I first had Texas Caviar six years ago while briefly living in Georgia. It was love at first bite. With ingredients such as black eyed peas, tomatoes, corn, and fresh green onions, whats a Southerner not to love?
The name is apt, it truly is the caviar of the south. I serve mine with tortilla chips but many a person has been known to eat it simply with a bowl and spoon. However you decide to partake of it, this recipe combines the best of summer flavors and lets you spoon up the good life for you and your guests!
You’ll need: Two cans whole kernel corn, two cans black eyed peas (with jalapeno if you can get them), large can petite diced tomatoes, small bottle zesty italian dressing, fresh parsley, two green onions.
Feel free to substitute fresh tomatoes if you have them available to you!
Drain all of your cans well and dump them one by one into a dishpan or a large mixing bowl.
Chop up a fourth of a cup of fresh parsley. The entire recipe is at the bottom of the page so don’t fret over quantities now.
Add fresh parsley to vegetables.
Cut in your green onions. I just cut mine with kitchen shears while I hold them over the bowl. You can chop them if you prefer or use my method and just pop those shears in the dishwasher!
I cut all the way down to the roots on the onion and then throw those away.

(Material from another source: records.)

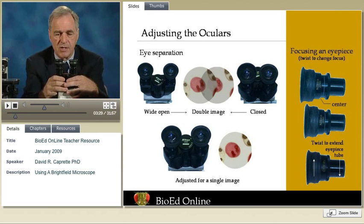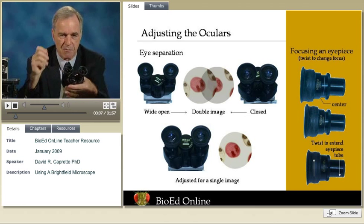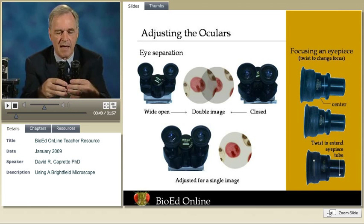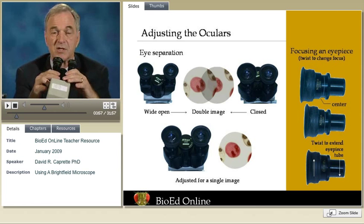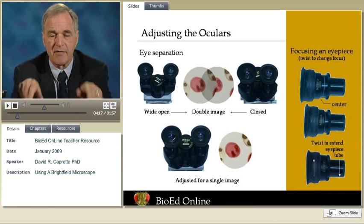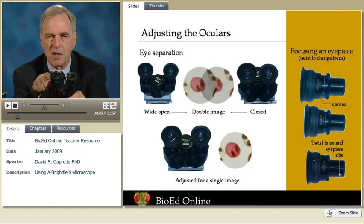If you wear eyeglasses and it's just a simple correction, and you have binocular eyepieces, you don't need to wear them at all. Only for astigmatism or some complex correction do you need them. You can take your eyeglasses off and leave the eye cups in place so your peripheral vision doesn't interfere. The first order of business is to look at the field of view and, just like with binoculars, adjust the eye separation — the separation of the two oculars or eyepieces — so you can see a single field of view with both eyes. People whose eyes are set fairly close together might have a little trouble getting a single field of view, so it's especially important that the individual oculars be adjusted.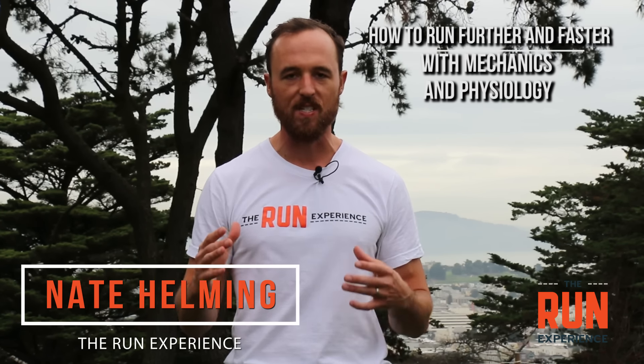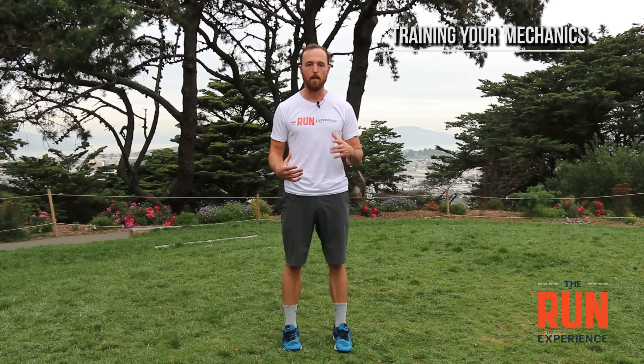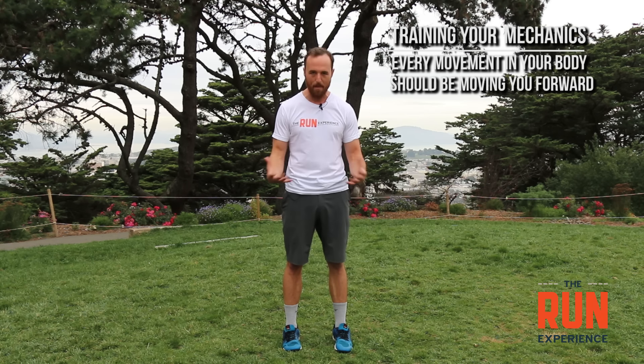For running further and faster we need to talk about efficiency, and there's two different sides of the efficiency coin. One side is going to be our physiology, which I'll get to in the second half. But we also need to talk about your mechanics — the energy you're putting out and the force production that occurs. We want every movement in your body to be productively moving you forward and avoid any wasted energy. A lot of runners out there aren't the most efficient — it's like running with a tire slightly deflated, out of alignment, or a bolt that's loose, roughly driving down the road instead of being a finely tuned race car.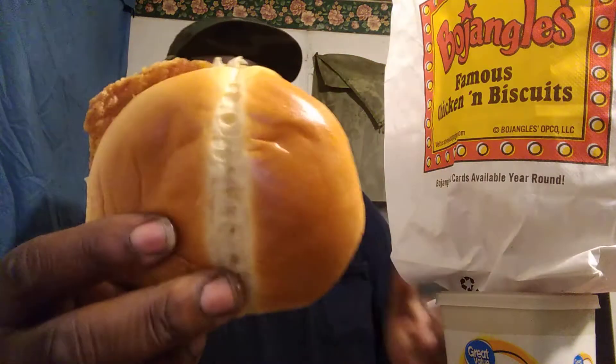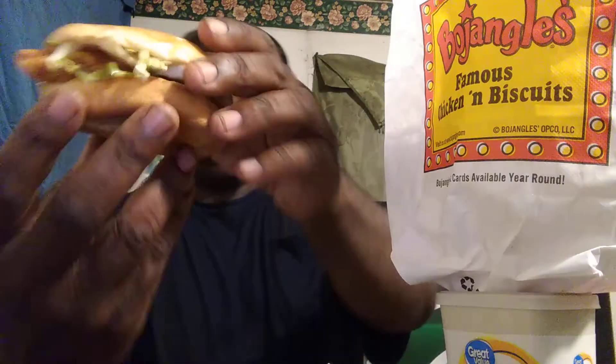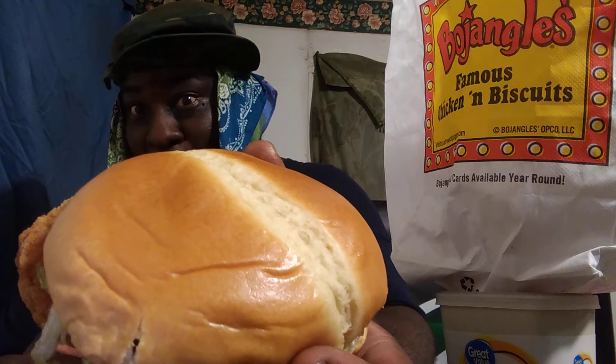I'm gonna take it out so you guys can see it — little light, check that out. Let's see what we're working with on the bread. All right, let's go ahead and hit it and see what it tastes like.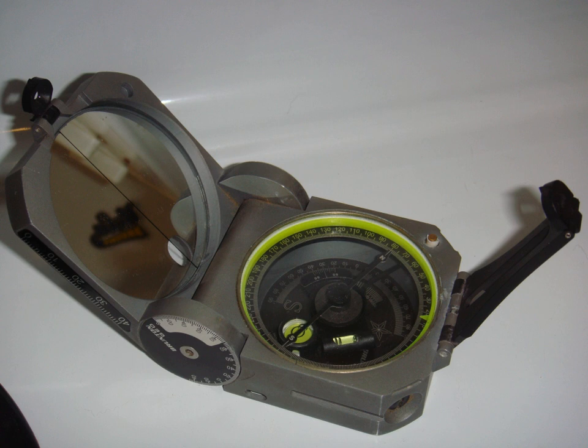Arguably the most frequent use for the Brunton in the field is the calculation of the strike and dip of geological features — faults, contacts, foliation, sedimentary strata, etc. Strike is measured by leveling the compass along the plane being measured. Dip is taken by laying the side of the compass perpendicular to the strike measurement and rotating the horizontal level until the bubble is stable and the reading has been made. If field conditions allow, additional features of the compass allow users to measure such geological attributes from a distance.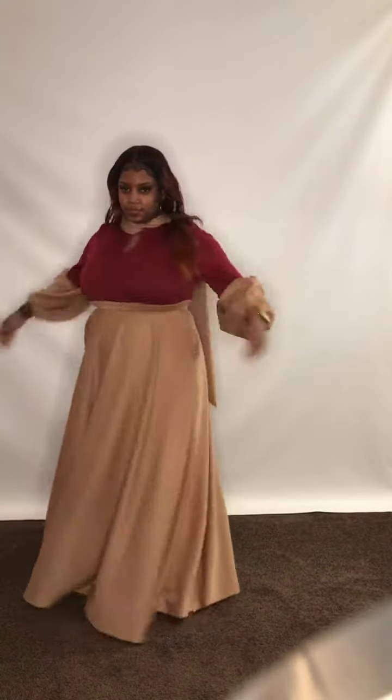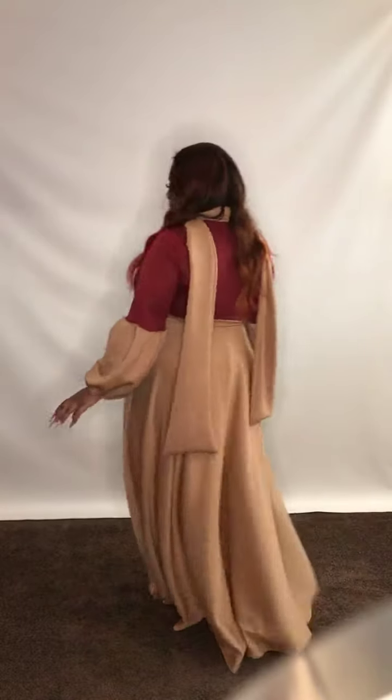DivasDenFashion.com, 469-571-3647. This is our balloon sleeve two-tone dress. It's a one-piece dress with the big bow.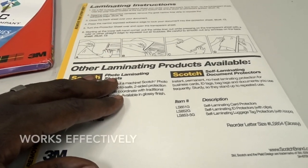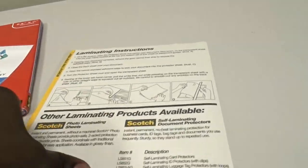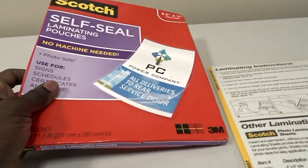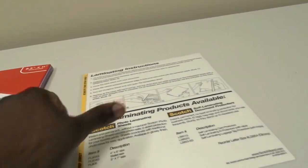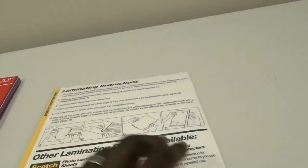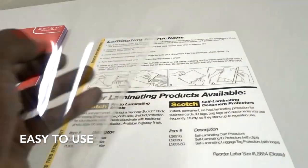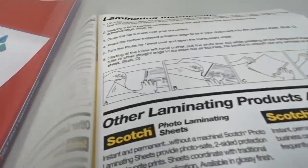This is the pouch here, and this batch comes in 25 pouches. They're all like this — a plastic covering, you can see that it's plastic. It comes with instructions inside each pouch.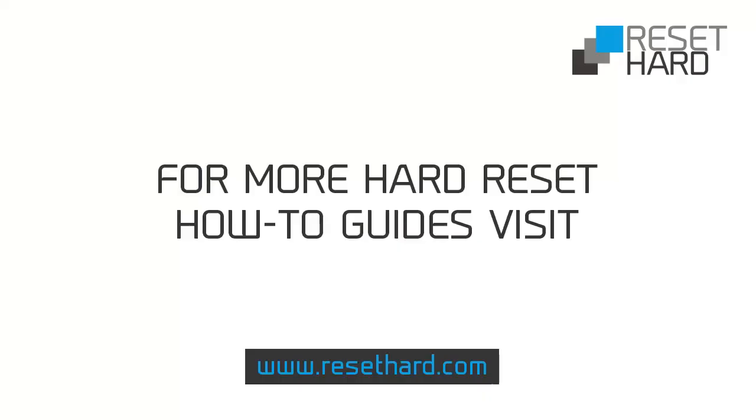For more information on hard resetting your phone, visit ResetHard.com.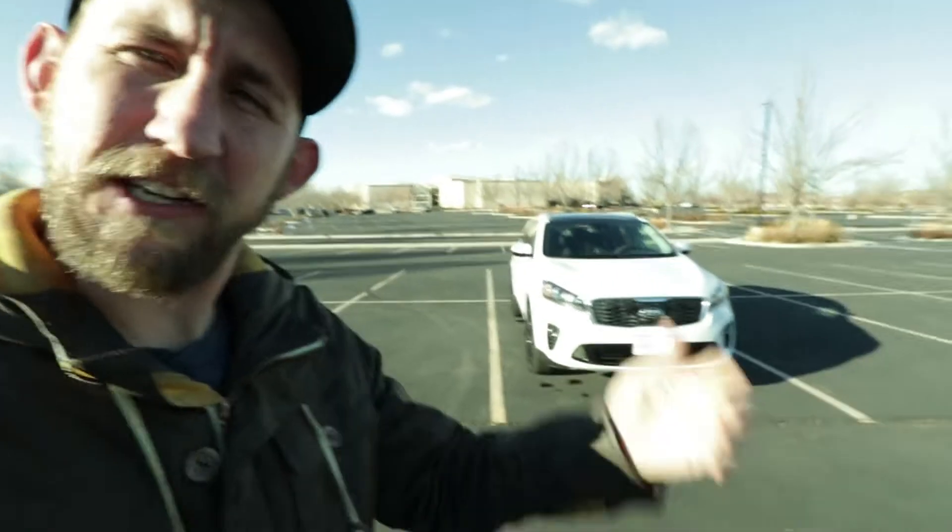Welcome back to the channel. It's your host Rob with i-25 Kia. It's a new year so that means we're going to be talking about some new cars, and with me today I have the 2020 Sorento EX. Let's go over some of the features with this guy because it is SUV season.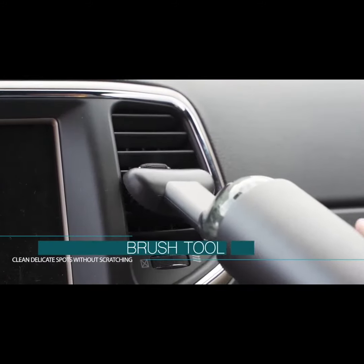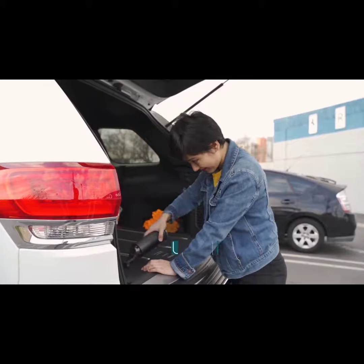With a cleaning brush that is thorough and delicate to clean carpets, air intakes, and the center console.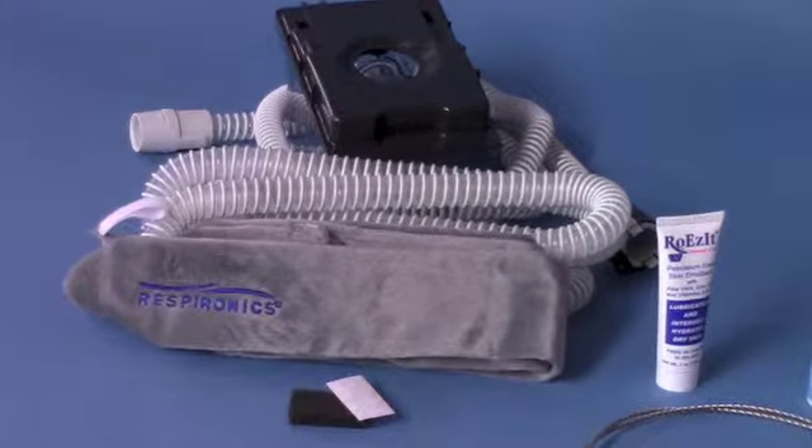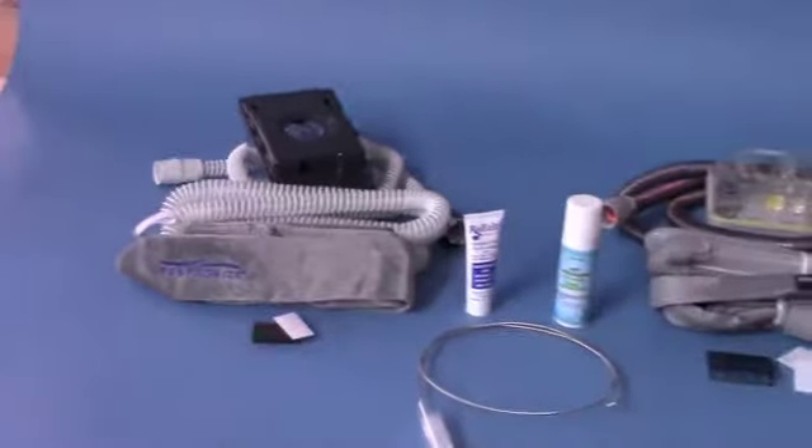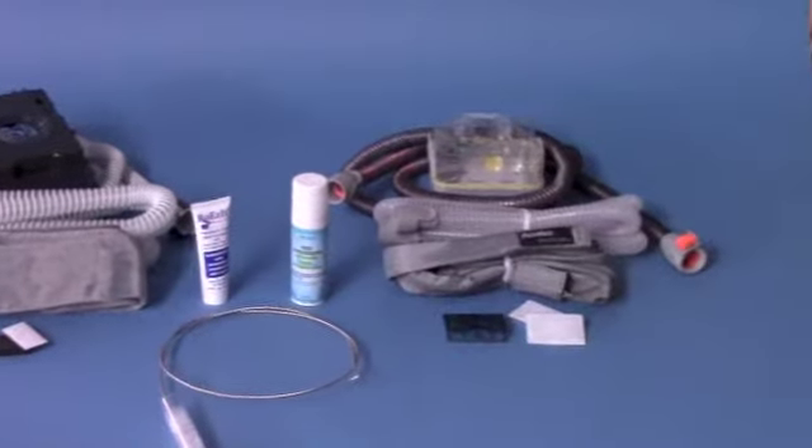In this video, we will discuss the different kits and tiers available for the Respironic System 1 60 Series and the ResMed S9 Series CPAP machines.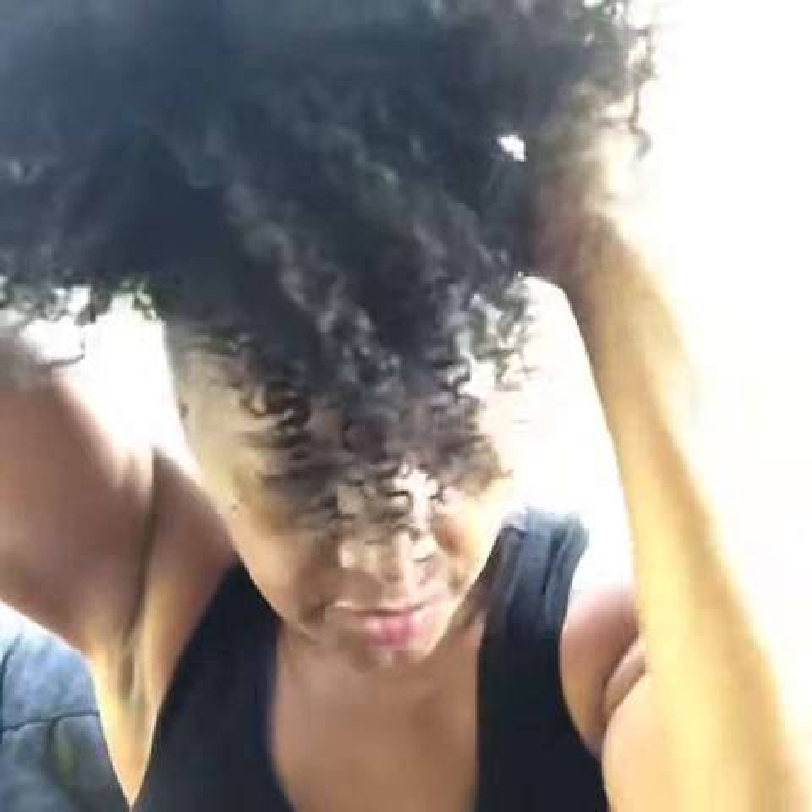This is also for my actresses needing a new look for auditions, or if you want to go work out — my curly hair girls. $1.50.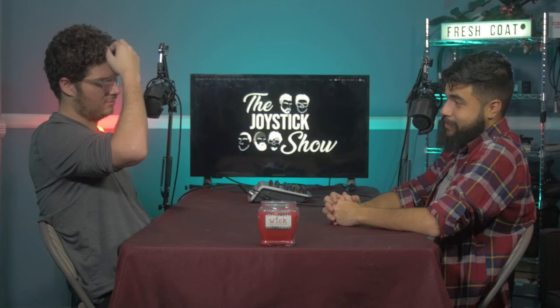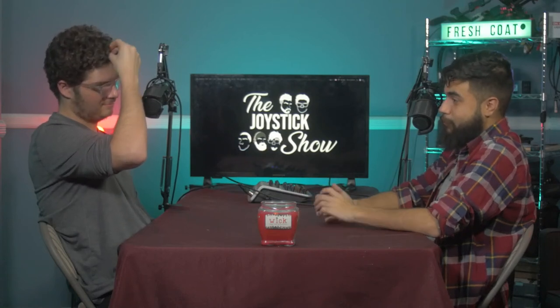Young Justice is on its fourth season right now — they release 13 episodes and then wait a few months before returning with the back half, so 26 episodes per season. But the first season premiered in 2010. The show's budget came largely from a toy deal with a major toy company — they made action figures to sell alongside the cartoon. After season two nobody was buying the toys, so they lost the deal, the money, and the show was canceled.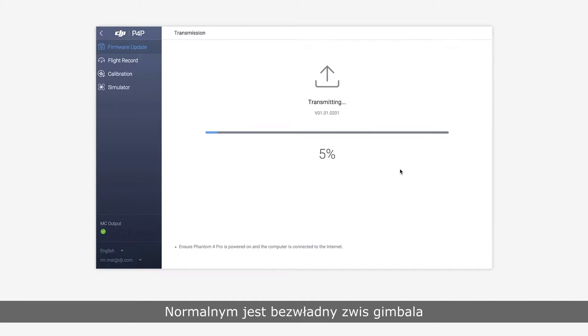It's normal for the gimbal to be powerless, the indicators on the arms to flash, and the aircraft to restart automatically. Please wait until the upgrade is complete.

Pour entire bottle of dressing over ingredients and stir.
Refrigerate for several hours to let flavors blend and serve with tortilla or corn chips, like you do salsa.
- 2 green onions
- 1/4 Cup chopped fresh parsley
- 2 cans black eyed peas (with jalapeno if available)
- 1 large can petite diced tomatoes
- 2 cans whole kernel corn
- 1 small bottle zesty italian dressing
- Drain cans well and pour contents into large mixing bowl or dishpan. Add chopped parsley. Cut onions and add. Pour dressing over all and stir well. Refrigerate. Sever with tortilla or corn chips.